How to avoid a 6-figure tax penalty on foreign bank accounts
You may have heard of FBAR filing, but you don’t know what it is. FBAR stands for “Foreign Bank Account Report”, and refers to FinCen Form 114, Report of Foreign Bank and Financial Accounts. What does it entail? Well, whether you’re an ex-pat or U.S.-based, you may need to report your foreign accounts to the U.S. Department of the Treasury by April 15 — or face costly tax penalties. You need to disclose if combined balances exceed $10,000 at any point during the year, you have “financial interest” or “signature authority” over accounts – regardless of whether they produced income…
The maximum penalty for willful violations is $129,210 or 50% of the amount you failed to report.
The anti-money laundering Bank Secrecy Act of 1970 requires Americans with overseas assets to disclose holdings. While most Americans know to file taxes, the FBAR can be easy to overlook. One problem: You can’t file this using commercial tax software. Instead, account owners must file the FBAR digitally through the Financial Crimes Enforcement Network’s Report 114. One big difference between regular taxes and the FBAR is you report each account’s maximum balance during any point in the year instead of the year-end total.

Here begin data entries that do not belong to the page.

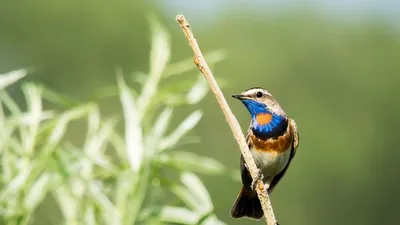 Красивые птички картинки - 78 фото
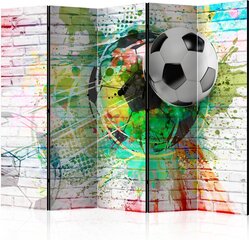 Ширма Colourful Sport цена и информация | Мобильные стенки | hansapost.ee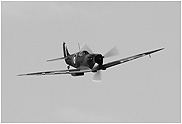 Spitfire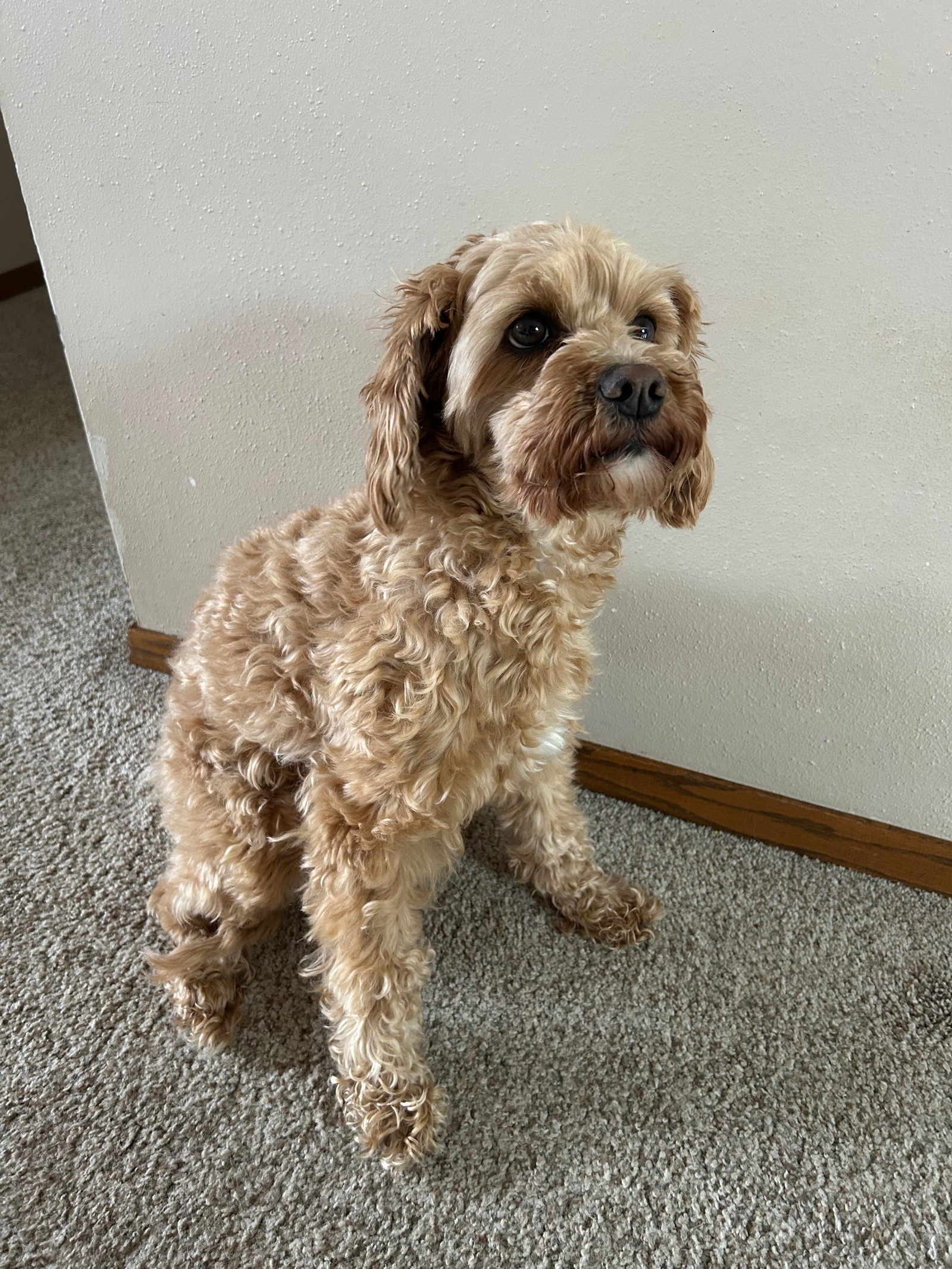 Lennon (adoption pending)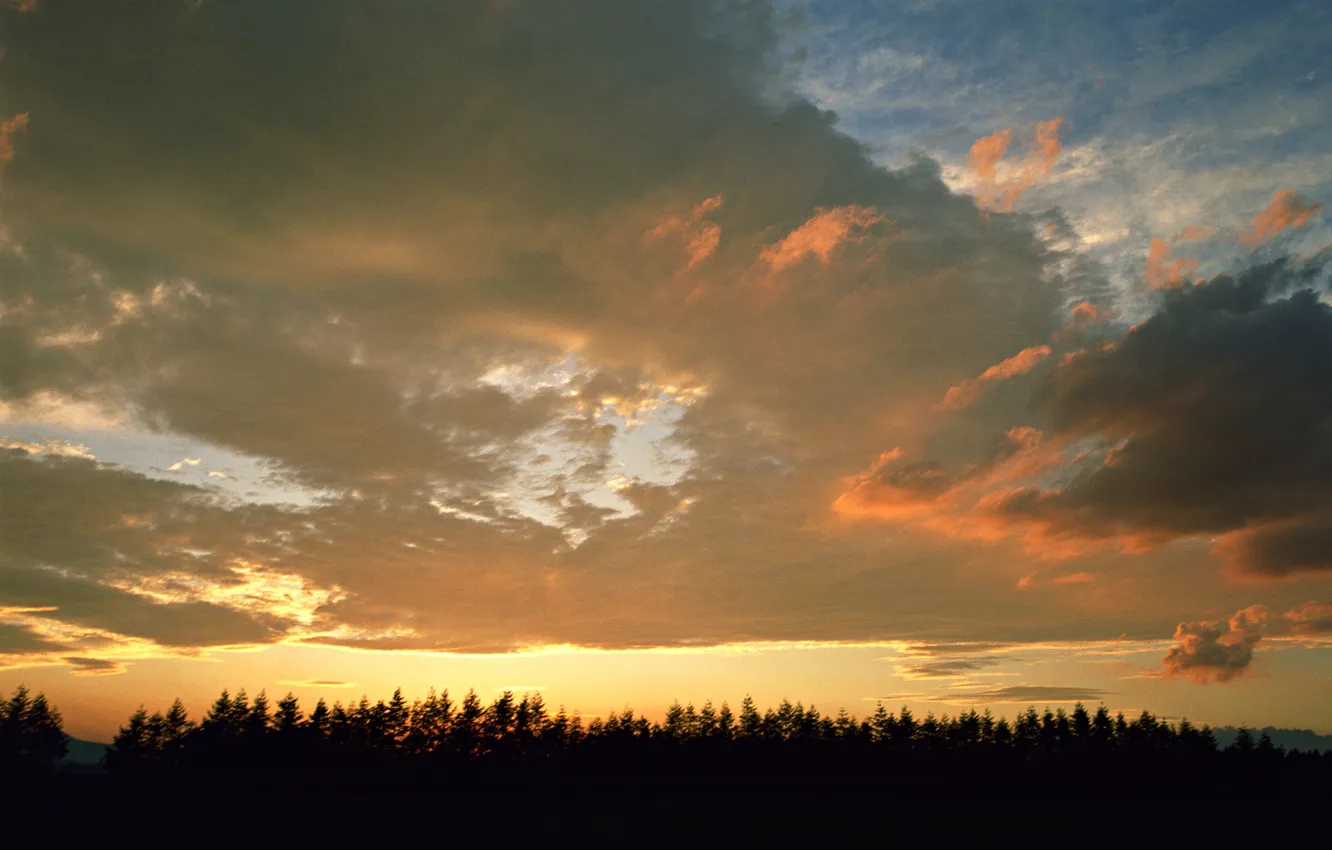 Photo wallpaper the sky, clouds, sunset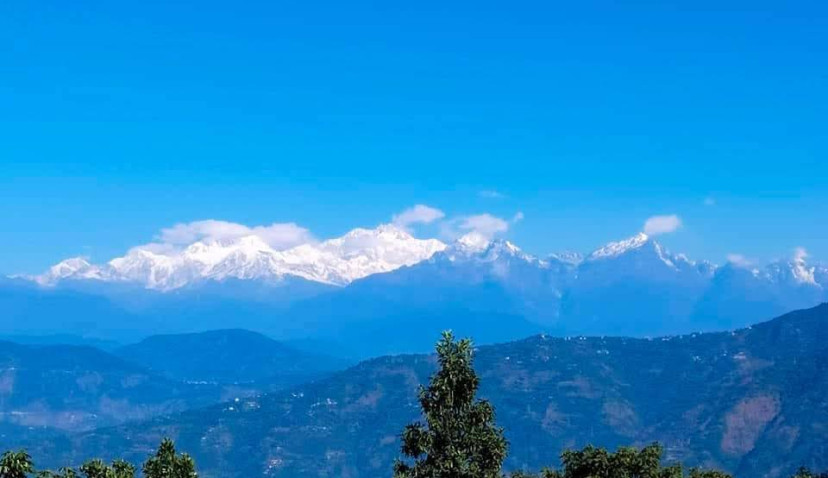 View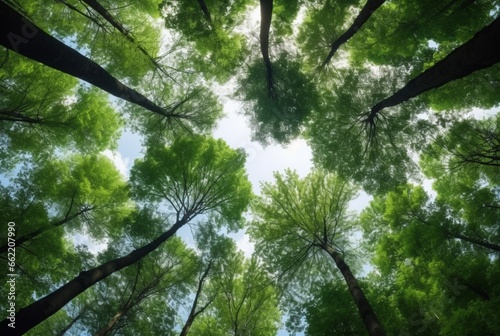 Looking up at the green tops of trees. generative ai photo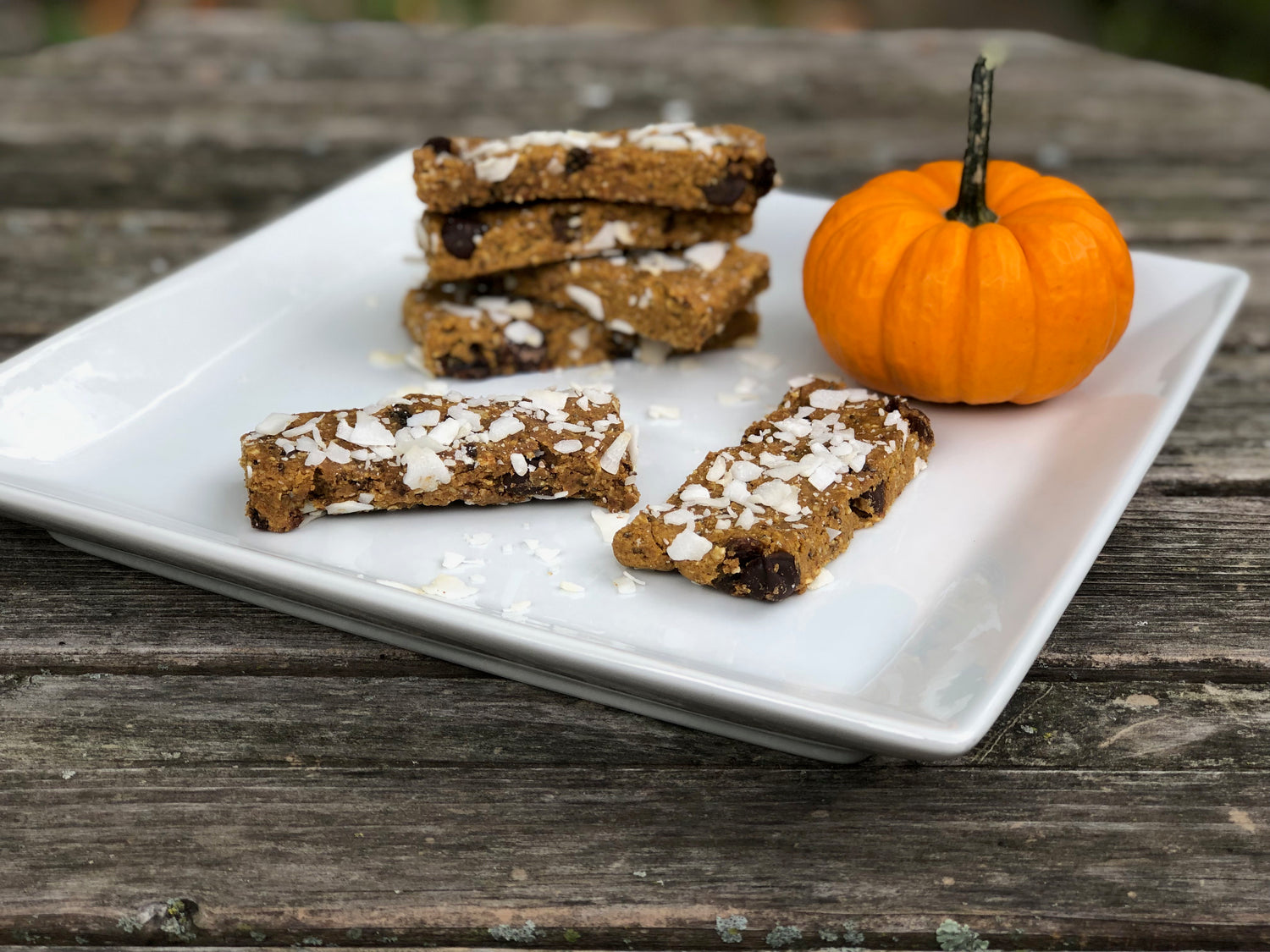 Propello Life chocolate chip pumpkin energy bars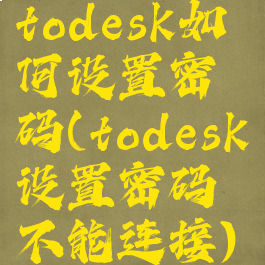 todesk如何设置密码(todesk设置密码不能连接)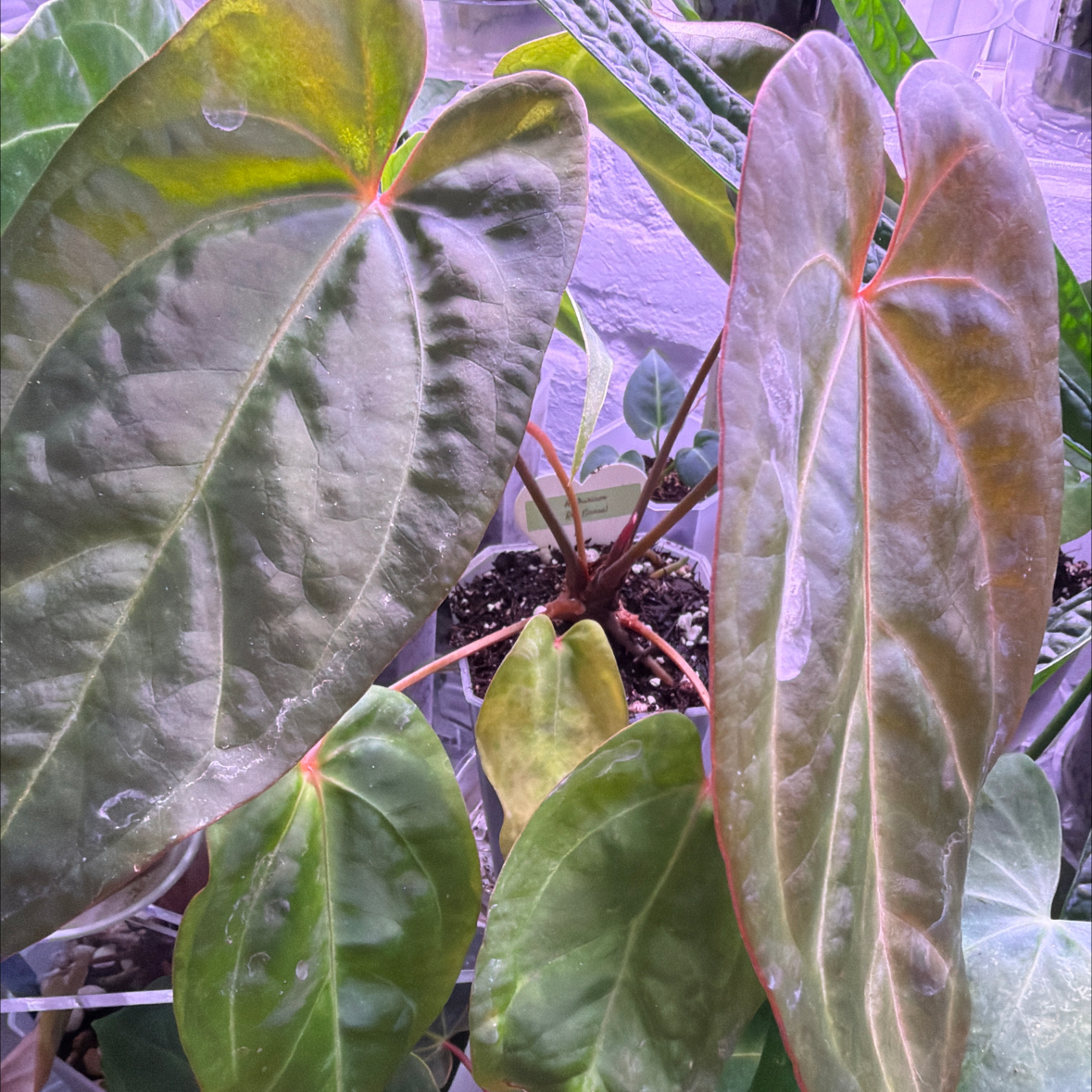 Photo of the plant species Anthurium Red Gunsal by @Berto57 named Shakira on Greg, the plant care app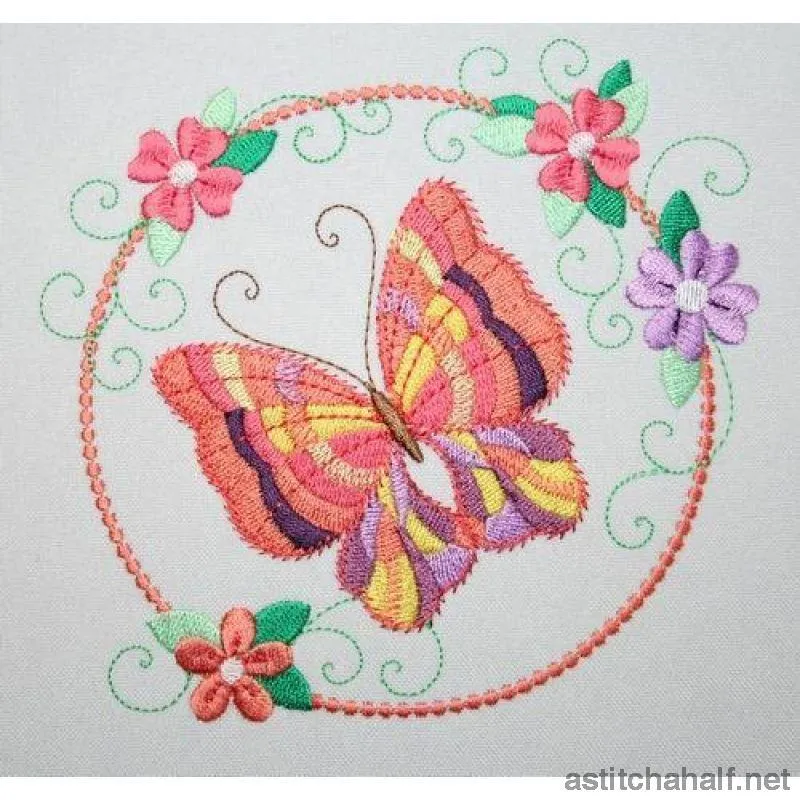 Hula Hoop Butterfly Combo 2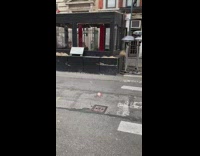 Run over rat on street by restaurants 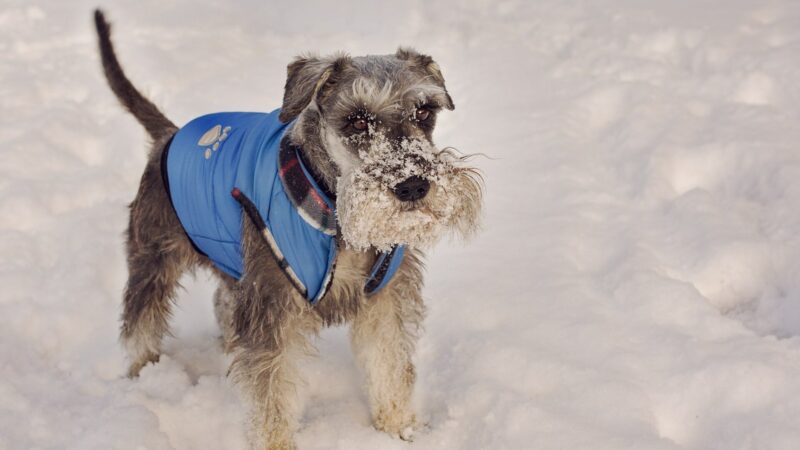 Schnauzer nain avec un manteau qui marche dans la neige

For example, let’s say you had a foreign bank account with a $7,000 balance for most of the year. If the amount jumps to $100,000 for one day, you’ll report $100,000 on the FBAR. But you don’t pay taxes on that amount. Another point of confusion is which accounts to disclose on the FBAR, which may include bank accounts, brokerages, or even trusts. You may not realize you need to report accounts if you have “a financial interest” or “signature authority”. If you’re overseeing accounts for retired parents in Germany, for example, you may need to disclose those. The definitions are really broad as far as what must be reported.
50% of the amount you failed to disclose
If you don’t file the FBAR when required, penalties may depend on whether it’s seen as a “willful” or “non-willful” violation. While the maximum fee for a mistake is $12,921, a willful violation may incur a whopping $129,210 penalty or 50% of the amount you failed to disclose, whichever is greater. That means if you willfully didn’t report $1 million in a foreign account, you may have to pay a $500,000 fee.
It’s one of the biggest hammers in the code. The penalties aggressively and actively encourage compliance. And in extreme cases, there are criminal penalties that may include jail time. Ultimately, disclosure is your friend.